Senate deputy Republican leader since 2013 and a senator since 2007, the outspoken Palatine legislator will resign shortly.

He will become the second high-ranking legislative ally of Gov. Bruce Rauner to resign in recent weeks.

“Well, I can’t say anything today,” Murphy told Politico Illinois. But the online publication reported that “he indicated a statement may come at a later time.”

The political blog Capitol Fax reported that Murphy will submit his resignation on Friday, so he can become the senior government relations director for Mac Strategies Group, a strategic communications and public affairs firm founded by Ryan McLaughlin.

Murphy, 46, was first elected to the state Senate in 2006. He briefly positioned himself to run for governor in 2010, before throwing his support to rival candidate Andy McKenna and shifting his focus to running for lieutenant governor. Murphy narrowly lost in the GOP primary to Jason Plummer.

A lawyer, he is married and has four children.

Murphy’s exodus will be the second to hit Rauner’s legislative cheering section.
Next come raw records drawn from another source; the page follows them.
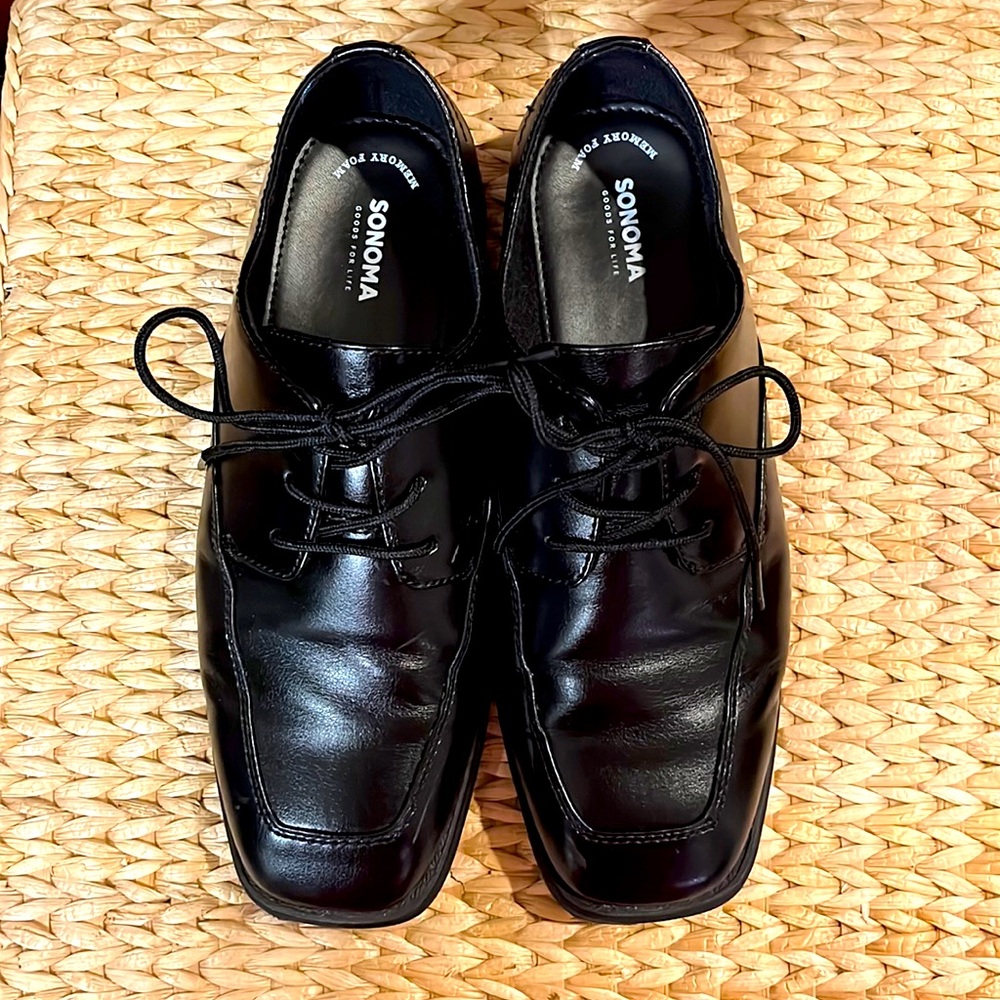 Sonoma Boys Black Dress Shoes
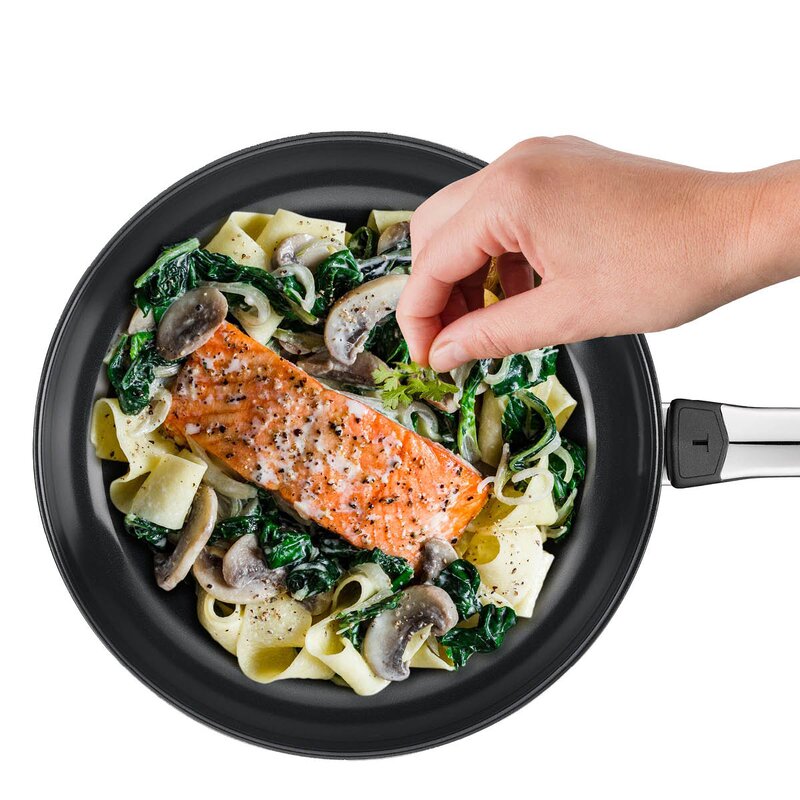 Tefal Emotion Plus SS stekepanne 24 cm keramisk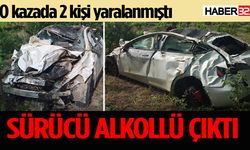 Kaza yapan otomobilin sürücüsü alkollü çıktı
Speaking at the Illinois State Fair on Friday, Rauner said he hadn’t talked to Murphy since his resignation was announced.

“I was surprised by it. Disappointed. I think he’s been a great legislator. He will be missed no question. That said we have a strong advocates in the General Assembly for what we are recommending for reform…We’ve got advocates on both sides of the aisle and I’m optimistic we’ll get some good reforms done for the people of Illinois.”

Just last month, Republican Rep. Ron Sandack abruptly resigned from the state House, issuing a statement to Capitol Fax saying that “cyber security issues” forced him to re-evaluate his “continued public service.”

Sandack, also a vocal supporter of Rauner, later disclosed he reported those cyber issues to Downers Grove investigators. Documents the suburb eventually released under Freedom of Information requests revealed that while Sandack had reported an “internet scam” to police, “the actual criminal activity that took place” was something different. Village officials declined to detail what the investigation entailed, but noted it was not related to Sandack’s former role as a west suburban state representative.

Sandack, 52, told the Chicago Tribune that he resigned after several fake social media accounts were set up in his name. Sandack also cited robocalls to people in his district alleging that he had accosted a Democratic staff lawyer on the House floor — something Sandack had angrily denied.

“Politics has gotten too ugly,” Sandack told the Tribune. “I don’t need it, and my family doesn’t deserve it.”